Amaieio. Figulinha. Bebelo. Muita gente acha graça quando ouve uma criança falando assim. Na maioria das vezes, pronunciar as palavras de maneira errônea, sem um "L" aqui ou um "R" acolá, faz parte do desenvolvimento normal de meninos e meninas. Mas, se trocas e omissões de sons permanecem depois dos 3 anos, isso pode se tornar um problema no futuro ou até mesmo indicar uma doença mais grave.

O pior é que grande parte dos pediatras, especialistas a quem recorrem pais e mães nos primeiros anos de vida dos filhos, muitas vezes não repara a tempo naqueles sinais capazes de denunciar alterações na fala. É o que constatou uma pesquisa realizada na Faculdade de Odontologia de Bauru (FOB-USP), no interior paulista. O estudo ouviu 79 pediatras com mais de um ano de experiência clínica nos estados de São Paulo e Minas Gerais. "Várias famílias atendidas por nós suspeitavam que a criança tinha alguma disfunção, mas o pediatra não deu atenção à queixa", explica a fonoaudióloga Luciana Maximino, do Departamento de Fonoaudiologia da FOB-USP e uma das autoras do trabalho.

Entre os riscos da demora em identificar ruídos na comunicação infantil está, além do óbvio atraso para encontrar uma solução, a possibilidade de passar despercebido um caso de surdez ou outros transtornos globais, como autismo. "Não existe marcador claro para dizer se a criança se encaixa ou não em um desses casos. Tudo é sintoma", diz Luciana. Assim, quanto mais precoce o diagnóstico, melhor. "A alfabetização vai ser mais fácil, a adaptação com aparelhos auditivos pode ser melhor e a quantidade de sessões de terapia, menor", exemplifica a fonoaudióloga.
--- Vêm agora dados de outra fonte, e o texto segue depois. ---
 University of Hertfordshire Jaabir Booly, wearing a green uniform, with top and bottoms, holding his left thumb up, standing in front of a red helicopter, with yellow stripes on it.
Em defesa de seus colegas pediatras, Ana Maria Escobar, do Instituto da Criança de São Paulo, diz que o tempo de uma consulta é curto demais para flagrar problemas de fala. "Um atendimento pediátrico é diferente de um especializado", afirma. "Temos que avaliar o coração, o abdômen, o fígado e o baço, checar o ouvido e a garganta, verificar o tônus muscular e possíveis transtornos neurológicos", enumera Ana. Além disso, na presença do médico, muitos garotos e garotas ficam intimidados. E mudos.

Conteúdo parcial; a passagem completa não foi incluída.